# Need Heeeeeelp Plz

#### one way

Joined May 27, 2007
7
I need some help figuring current flow across a resistor in series-parallel circuits.

#### beenthere

Joined Apr 20, 2004
15,819
Determine the potential across the resistor, use I = E/R to figure the current through it (works in series and in parallel).

#### one way

Joined May 27, 2007
7
i tried that, atleast i think i did. it is for an exam i am taking. I have the correct answer but cant remember how i got it. Imagine a square circuit where R1 R2 and R5 are on the outside perimeter in series. Then R3 is branched in parallel between R1 and R2 and R4 is branched between R2 and R5. R1=25 ohms R2=25 ohms R3=50 ohms R4=5o ohms R5=50 ohms. Total volts is 50. Total current is 1 amp. Those are all given on exam. I need to find the current flow thru R3. Got any ideas?

#### recca02

Joined Apr 2, 2007
1,214
i m not getting the dia at all (must be my poor skill with language)
plz post rough dia (a super bad pic made in paint will also do)

#### one way

Joined May 27, 2007
7
---------R1 25 ohms-------o-----------------R2 25 ohms----o------------
! ! !
! ! !
R3 R4 R5
50 ohms 50 ohms 50
! ! !
! ! !
! ! !
-------------------------------------------------------------------------

total volts is 50 total amps is 1. What is current draw across R3? and how did you come up with that? Thanks alot for your help.

#### one way

Joined May 27, 2007
7
i have a really ruff sketch in paint how do i add to thread?

#### recca02

Joined Apr 2, 2007
1,214
one way is
u'll see a attaching clip button after the smiley icon.
if not
u'll see manage attachment button when u scroll down a little low.
however i think i m getting the picture here, but still post it
also where is the voltage applied?

#### one way

Joined May 27, 2007
7
i hope this worked. the last one i tried typing into the forum reply box but it shifted the branches over to the left instead of between R! and R2. I hope this works.

#### Attachments

• 396.8 KB Views: 22

#### recca02

Joined Apr 2, 2007
1,214
yeah it will work thanks,
there are lots and lots of ways to do it.
number one simple analysis:
look at the last two resistances.
they are in parallel, hence R4||R5
will give u 25 ohms (u know how to calculate it ,dont u?)
now the two 25 ohms
R2 and R4||R5 are now in series.(replace parallel combn of R4 and R5 by eq 25 ohms)
you get 25+25=50 ohms,
again R3 and R(equivalent=50) are ||
again they give equivalent of 25 ohms,
R1 and Req are in series thus we have 25+25=50 ohms,
apply ohms law i=50/50 = 1 amp
now again use original cicuit;
since now current is 1 amp;
there will be 25*1 v drop across r1;
now remaining 25 volts is available across the whole remaining circuit,
since r3 is parallel to remaining circuit 50-25*1 =25 volts is available across
r3;voltage across parallel elements is same.
thus current thru r3 is 25/50 =0.5 amp

another method:
after getting current = 1 amp;
go back to step two where we had r3 parallel to a 25+25 =50 ohms combn;
now use the current divider rule it is;
for two parallel paths the current in one path is given by:
I1= I(original)*{res other path/(res req path + res other path)}

here i original is 1 amp which reaches the parallel combination of r3 and remaining circuit;
req resis is r3 and resis in other path is R4||R5 + r2

another method
this method is universal and can solve virtually anything:
use kvl (in case u want to know how to use it then try reading any book or
article in this site-if u still have problem post it)

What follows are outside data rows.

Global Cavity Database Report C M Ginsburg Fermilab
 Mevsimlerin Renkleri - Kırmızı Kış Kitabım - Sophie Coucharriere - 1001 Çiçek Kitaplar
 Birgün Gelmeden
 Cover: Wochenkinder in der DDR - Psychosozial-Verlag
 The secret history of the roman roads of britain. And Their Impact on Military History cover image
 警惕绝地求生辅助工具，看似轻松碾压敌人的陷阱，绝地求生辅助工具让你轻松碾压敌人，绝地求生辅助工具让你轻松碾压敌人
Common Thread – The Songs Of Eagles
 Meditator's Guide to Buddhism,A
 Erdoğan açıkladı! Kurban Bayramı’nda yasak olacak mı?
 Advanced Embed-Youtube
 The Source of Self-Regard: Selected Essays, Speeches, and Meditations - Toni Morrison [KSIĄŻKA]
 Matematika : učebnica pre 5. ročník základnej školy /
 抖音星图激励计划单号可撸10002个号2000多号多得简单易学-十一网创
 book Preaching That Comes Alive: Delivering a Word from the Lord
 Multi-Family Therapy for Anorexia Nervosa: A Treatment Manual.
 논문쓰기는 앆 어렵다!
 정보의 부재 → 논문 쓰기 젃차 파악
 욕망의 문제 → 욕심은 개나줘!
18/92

there are still other ways to solve it.

attachment may help u understand better

#### Attachments

• 29.6 KB Views: 19

#### one way

Joined May 27, 2007
7
Thanks alot. I was getting really frustrated. I really appreciate it.

#### recca02

Joined Apr 2, 2007
1,214
no problem:
remember whenu have any doubt try your best;
also try solving in more than way this gives better understanding of circuits and their laws.
good luck

#### one way

Joined May 27, 2007
7
i was taking R3 R4 and R5 and using them as being in parallel \with the reciprical method. I have been working on this for about 5 hrs knowing the answer was .5 amps but could not get there. once i used the R4xR5 over R4 +R5 formula to get req then R3xReq over R3 + REQ i had it figured out. Thanks again. REally.

#### recca02

Joined Apr 2, 2007
1,214
that mistake is possible,
remember two elements r in parallel when their ends are joint at 2 common points such that there is no other element in between.